L’anesthésie chirurgicale chez les mères allaitantes
L’impact des médicaments utilisés pour l’anesthésie chirurgicale chez une mère allaitante dépend de divers facteurs, incluant l’âge de l’enfant, son état clinique, le stade de la lactation (précoce ou tardif), et la capacité du bébé à gérer l’élimination de faibles quantités de produits anesthésiques (36). Ces produits n’auront pas ou peu d’effets sur un bébé plus âgé, mais pourront poser des problèmes chez les nouveau-nés, tout particulièrement ceux qui sont prématurés ou qui souffrent d’apnée.
La capacité du bébé à métaboliser de faibles quantités de ces produits est tout particulièrement importante pour le temps nécessaire à la reprise de l’allaitement. Les enfants qui sont à risque d’apnée, d’hypotension ou de faiblesse devraient probablement être protégés par une suspension de l’allaitement plus longue (12 à 24 heures).

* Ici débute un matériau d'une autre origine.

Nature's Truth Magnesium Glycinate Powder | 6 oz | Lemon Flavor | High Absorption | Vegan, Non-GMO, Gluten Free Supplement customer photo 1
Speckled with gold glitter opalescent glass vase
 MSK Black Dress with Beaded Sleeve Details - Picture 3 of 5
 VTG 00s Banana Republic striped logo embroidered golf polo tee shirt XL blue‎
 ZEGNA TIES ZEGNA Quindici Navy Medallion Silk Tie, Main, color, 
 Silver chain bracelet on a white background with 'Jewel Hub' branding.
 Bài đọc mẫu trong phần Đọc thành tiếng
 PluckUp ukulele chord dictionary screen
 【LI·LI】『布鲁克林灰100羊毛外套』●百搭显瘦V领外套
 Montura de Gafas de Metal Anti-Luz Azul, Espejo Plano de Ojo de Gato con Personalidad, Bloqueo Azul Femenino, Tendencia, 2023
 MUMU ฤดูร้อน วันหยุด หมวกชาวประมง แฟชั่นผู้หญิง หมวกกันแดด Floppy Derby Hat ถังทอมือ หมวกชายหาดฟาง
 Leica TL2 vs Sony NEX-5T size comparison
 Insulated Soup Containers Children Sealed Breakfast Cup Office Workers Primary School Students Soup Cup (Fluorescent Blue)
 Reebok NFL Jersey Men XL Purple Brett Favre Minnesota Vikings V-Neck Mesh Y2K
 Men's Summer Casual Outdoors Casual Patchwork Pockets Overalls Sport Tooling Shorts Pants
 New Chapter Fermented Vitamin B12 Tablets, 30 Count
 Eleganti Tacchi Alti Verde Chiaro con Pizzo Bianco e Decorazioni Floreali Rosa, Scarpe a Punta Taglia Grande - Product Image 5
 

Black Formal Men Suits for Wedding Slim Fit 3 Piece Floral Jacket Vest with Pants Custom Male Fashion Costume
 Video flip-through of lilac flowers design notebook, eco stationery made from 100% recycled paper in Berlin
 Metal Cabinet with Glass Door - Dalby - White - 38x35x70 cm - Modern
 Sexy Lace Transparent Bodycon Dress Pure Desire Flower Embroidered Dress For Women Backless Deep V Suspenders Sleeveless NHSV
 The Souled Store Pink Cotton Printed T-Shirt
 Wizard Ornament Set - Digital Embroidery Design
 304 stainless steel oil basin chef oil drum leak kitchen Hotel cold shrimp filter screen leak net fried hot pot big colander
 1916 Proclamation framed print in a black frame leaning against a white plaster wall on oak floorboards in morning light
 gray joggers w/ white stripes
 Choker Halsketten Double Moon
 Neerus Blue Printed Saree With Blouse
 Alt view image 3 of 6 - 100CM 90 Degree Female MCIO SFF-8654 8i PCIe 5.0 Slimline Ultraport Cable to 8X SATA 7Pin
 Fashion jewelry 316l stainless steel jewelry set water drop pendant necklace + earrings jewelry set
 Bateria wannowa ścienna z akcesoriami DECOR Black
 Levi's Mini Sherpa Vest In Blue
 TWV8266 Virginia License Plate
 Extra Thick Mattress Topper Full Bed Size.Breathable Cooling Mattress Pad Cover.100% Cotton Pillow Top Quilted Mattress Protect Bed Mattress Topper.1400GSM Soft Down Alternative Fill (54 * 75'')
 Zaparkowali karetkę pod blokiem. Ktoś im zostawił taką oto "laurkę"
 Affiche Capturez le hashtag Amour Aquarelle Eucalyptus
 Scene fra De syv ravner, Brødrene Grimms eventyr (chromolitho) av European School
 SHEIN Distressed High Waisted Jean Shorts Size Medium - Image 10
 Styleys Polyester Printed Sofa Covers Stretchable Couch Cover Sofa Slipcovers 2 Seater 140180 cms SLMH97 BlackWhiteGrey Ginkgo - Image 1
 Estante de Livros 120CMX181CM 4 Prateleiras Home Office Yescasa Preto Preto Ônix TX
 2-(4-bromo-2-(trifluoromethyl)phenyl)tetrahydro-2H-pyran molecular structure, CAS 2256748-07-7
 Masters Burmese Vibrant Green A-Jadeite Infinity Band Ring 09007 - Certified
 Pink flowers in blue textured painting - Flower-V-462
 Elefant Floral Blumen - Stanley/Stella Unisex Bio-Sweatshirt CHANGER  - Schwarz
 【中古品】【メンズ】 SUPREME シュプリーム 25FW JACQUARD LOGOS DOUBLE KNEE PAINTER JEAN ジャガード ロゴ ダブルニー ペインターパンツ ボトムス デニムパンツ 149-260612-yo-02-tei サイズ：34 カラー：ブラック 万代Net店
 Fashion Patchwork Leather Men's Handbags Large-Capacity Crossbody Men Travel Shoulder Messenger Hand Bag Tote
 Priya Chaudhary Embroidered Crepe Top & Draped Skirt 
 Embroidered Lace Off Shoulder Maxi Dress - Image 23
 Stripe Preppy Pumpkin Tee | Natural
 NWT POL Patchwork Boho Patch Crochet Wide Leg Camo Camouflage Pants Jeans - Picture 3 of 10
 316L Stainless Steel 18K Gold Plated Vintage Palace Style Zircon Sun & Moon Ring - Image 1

Les mères d’un nouveau-né à terme, ou d’un bébé plus âgé, peuvent habituellement reprendre l’allaitement dès qu’elles sont réveillées, stables, avec un bon niveau de vigilance. Le retour des capacités mentales normales est le signe que les produits ont quitté le compartiment plasmatique (et donc le compartiment lacté), et qu’ils sont passés dans le tissu adipeux et musculaire, à partir desquels ils seront progressivement relâchés. Le fait, pour la mère, de tirer et de jeter une seule fois son lait après la chirurgie, éliminera de façon efficace les produits liposolubles éventuellement fixés dans les graisses du lait, même si c’est rarement nécessaire, et que cela n’est habituellement pas recommandé par les spécialistes. Aucune interruption de l’allaitement n’est nécessaire en cas de ligature des trompes en post-partum immédiat, dans la mesure où le volume de colostrum est faible (37). De plus, le taux plasmatique et lacté de médicaments est faible lorsque la mère a retrouvé ses capacités mentales. Une anesthésie régionale est recommandée pour ce type de chirurgie, plutôt qu’une anesthésie générale, pour la sécurité de la mère.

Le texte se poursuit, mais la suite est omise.